LONDON: Sterling fell and the cost of hedging against sharp currency swings surged on Tuesday, after a poll showed record support for Scottish independence just two weeks before a referendum that poses risks for the pound.
The YouGov poll showed support for the pro-independence "Yes" campaign had risen to 47 percent, a four point gain since mid-August and up eight points since the start of the month. The lead held by the "No" campaign to reject independence has slumped to 6 points from 22 points at the start of August.
The currency is centre-stage in the heated Scottish referendum debate. Pro-independence leader Alex Salmond says Scotland will share the pound while Westminster has been sceptical about such a deal, leading to some uncertainty about the currency, debt and sharing of North Sea oil revenues.
So far, most investors, including those buying Scotland-based stocks, have been sanguine, factoring in only a slight chance that Scotland will leave the three-century-old union.
But with the latest poll leaving the union on a knife edge, investors are growing jittery.
"The currency market is where it will be most acutely felt," said George Godber, manager of the CF Miton UK Value Opportunities Fund.
Sterling shed 0.5 percent to $1.6518, on track for its biggest daily loss since Aug.19 and not far from a five-month low of $1.6501 struck late in August.
Even the euro, which has been struggling on expectations of further monetary easing from the European Central Bank, rose 0.4 percent to 79.35 pence.
Traders said sterling is likely to come under more pressure and could lose as much as 5 percent as uncertainty grows ahead of the referendum.
"Sterling is heading lower ... and will be one to keep an eye on as Sept. 18 approaches," said Angus Campbell, senior analyst at FxPro.
COST OF HEDGING RISES
Britain's stock market has so far shrugged off the impact of a potential break-up, but analysts warn that a "yes" vote could mean big changes for some Scottish-based companies with a global presence.

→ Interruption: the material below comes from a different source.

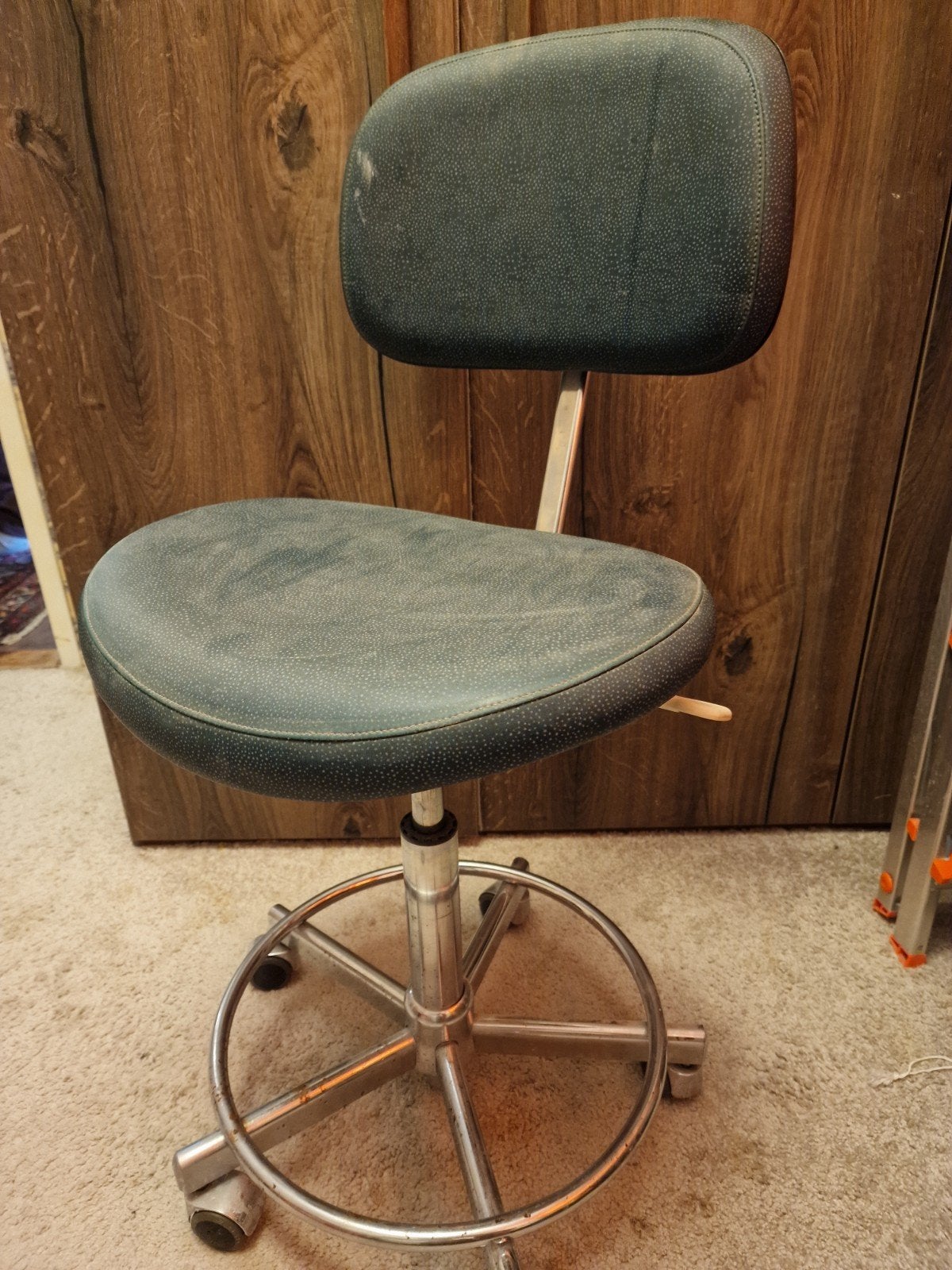 vintage laboratorium stoel Jörg&Sohn, Ophalen, Gebruikt, Kunststof, Vintage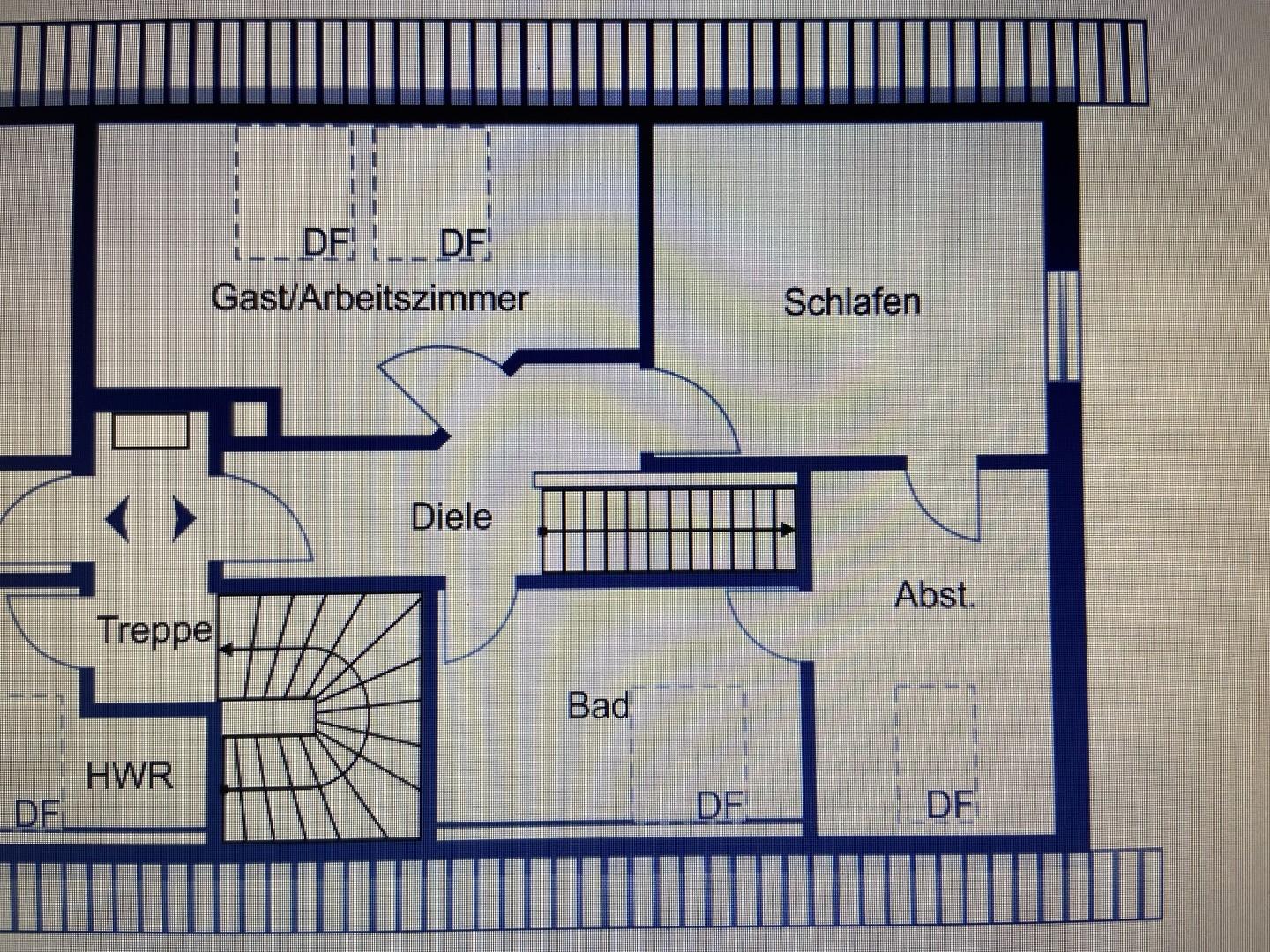 Grundriß Wohnung Obergeschoß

Banks such as Royal Bank of Scotland and Lloyds have already said that an independent Scotland could have a significant impact on compliance costs, taxes and credit ratings. Scotland's asset-management industry would also be exposed.
Independence might also leave a bitter taste for top whisky producer Diageo, as Scotch whisky is Scotland's second-largest export industry after oil and gas, according to Barclays.